Pascal drew a scroll of parchment and copied down the mnemonic incantations of every core Summon Familiar spell variant he knew from memory. Within a minute, he had them broken down into a tree graph of individual spellcraft components which defined every effect -- scan, calling, summon, transport, compel, binding, connect, sharing...

He didn't need a servant. A traditional, obedient familiar was no better than a yes-man. Loyal, but nevertheless a fool of limited use.

Paying no heed to the conversations around him, he tapped the syllables that represented the 'animal calling' aspect of the spell on his parchment.

What I need is a person near my level and age, a companion who will always be with me to share our thoughts...

Images came of a twin who shared his outlook, and the mere prospect of mirrored words made his mind recoil. Pascal didn't want some voice of agreement and approval. His fondest memories of intellectual exploration were filled with heated debates.

...Someone with a completely different outlook upon the world; a dissimilar foundation of knowledge and wisdom, yet diverse enough to rival my own.

Moving into the future, he thought of his impending career on the battlefields of war and diplomacy, where only a balance of words and swords guaranteed survival.

...Must be capable enough to serve as my second; an advisor and analyst, but also able to fend for herself with the powers I bestow through our bond.

A brief flashback brought his thoughts back to his childhood, when he and Princess Sylviane could spend hours lounging on the shores of the Cross Lake near the von Moltewitz estate. Their conversations naturally flowed from one worldly topic to another with no regard to time, when he had all day to admire the focus and intellect that lay behind her wisteria gaze, or the vast understanding that hid under that dark-plum hair.

...And she needs to be cute too, he decided, with the perfect image coming to mind.

Twice the professor clapped, drawing the room's attention back to the fore where an illusory, three-dimensional overhead projection of the Parchim battlefield lay.

"Captain Sir Pascal Kay Lennart von Moltewitz, as you are our honored 'hero' of the war, it is only fair that we begin today's lecture with your... unregulated contributions to the war effort."

Muffled snickering drifted forth from the back of the room, but Pascal ignored them as though he heard only buzzing flies.

"Yes Sir."

Rolling up his parchment as he stood, Pascal's determination revealed not the slightest sign of offense or hesitance. Albert's choice of words made it obvious that the professor agreed with his father. Pascal understood the reason behind the Field Marshal's reprimand -- rules were rules after all, and no army would be able to operate if junior officers could freely change the orders they received.

He just thought it was unfair that rules of the average should apply to him.

It would be many hours of late night studies before Pascal could finish the work he began. But even at its end, even after triple-checking his modifications with satisfaction, Pascal would never notice his one critical error due to sheer inexperience:

Beasts were simple-minded. It was easy to find a physically and mentally healthy critter to call forth as a familiar.

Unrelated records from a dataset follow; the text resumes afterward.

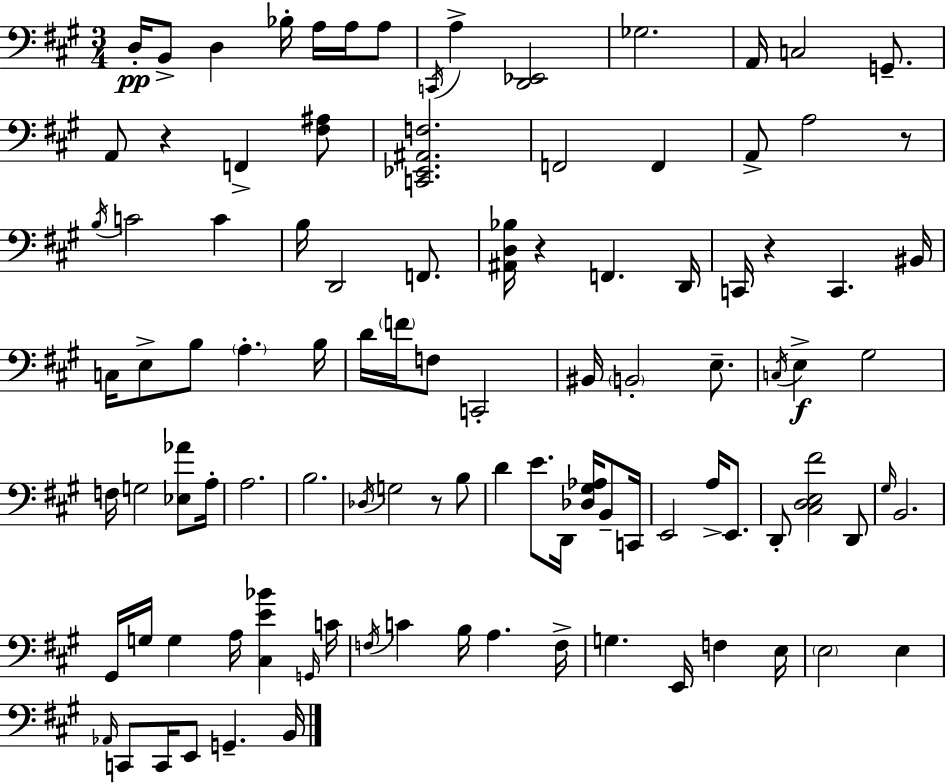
D3/s B2/e D3/q Bb3/s A3/s A3/s A3/e C2/s A3/q [D2,Eb2]/h Gb3/h. A2/s C3/h G2/e. A2/e R/q F2/q [F#3,A#3]/e [C2,Eb2,A#2,F3]/h. F2/h F2/q A2/e A3/h R/e B3/s C4/h C4/q B3/s D2/h F2/e. [A#2,D3,Bb3]/s R/q F2/q. D2/s C2/s R/q C2/q. BIS2/s C3/s E3/e B3/e A3/q. B3/s D4/s F4/s F3/e C2/h BIS2/s B2/h E3/e. C3/s E3/q G#3/h F3/s G3/h [Eb3,Ab4]/e A3/s A3/h. B3/h. Db3/s G3/h R/e B3/e D4/q E4/e. D2/s [Db3,G#3,Ab3]/s B2/e C2/s E2/h A3/s E2/e. D2/e [C#3,D3,E3,F#4]/h D2/e G#3/s B2/h. G#2/s G3/s G3/q A3/s [C#3,E4,Bb4]/q G2/s C4/s F3/s C4/q B3/s A3/q. F3/s G3/q. E2/s F3/q E3/s E3/h E3/q Ab2/s C2/e C2/s E2/e G2/q. B2/s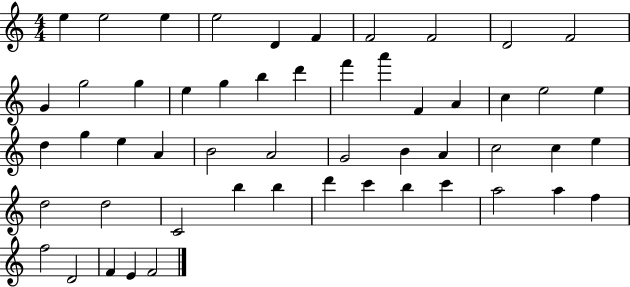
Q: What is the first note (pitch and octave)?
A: E5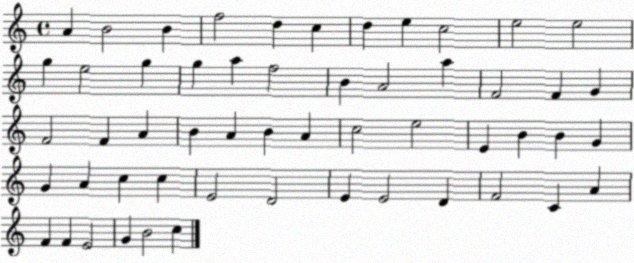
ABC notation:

X:1
T:Untitled
M:4/4
L:1/4
K:C
A B2 B f2 d c d e c2 e2 e2 g e2 g g a f2 B A2 a F2 F G F2 F A B A B A c2 e2 E B B G G A c c E2 D2 E E2 D F2 C A F F E2 G B2 c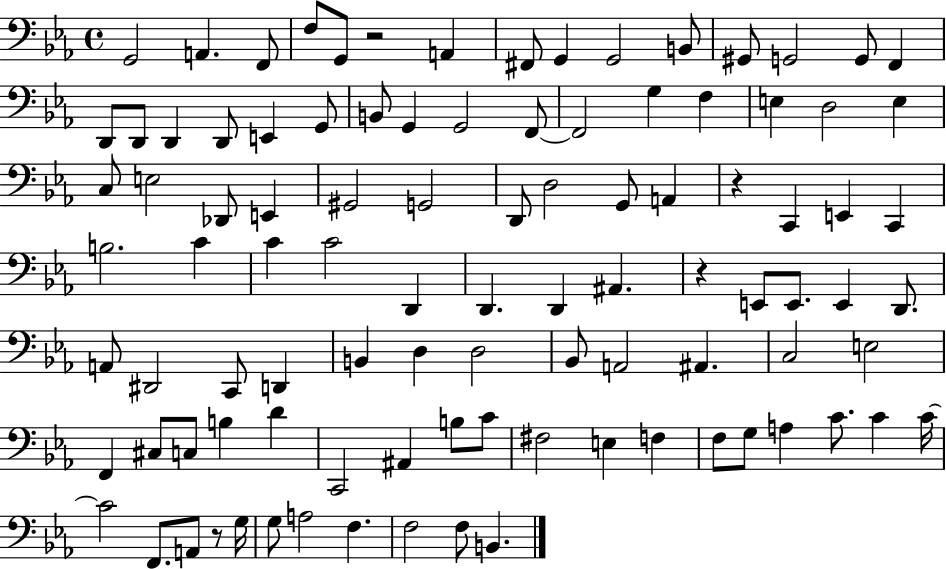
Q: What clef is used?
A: bass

Humans were another matter entirely, and the divination scanning component he wrote into the spell was nowhere powerful enough to search through the multiverse for a precise match to his exact specifications.

Magical energy naturally diffused towards the nearest shortcut: twiddling with the first subject that met most criteria instead of seeking a perfect match. Of course, shaping minds was a difficult and dangerous business, but molding forms through sorcery could easily be achieved.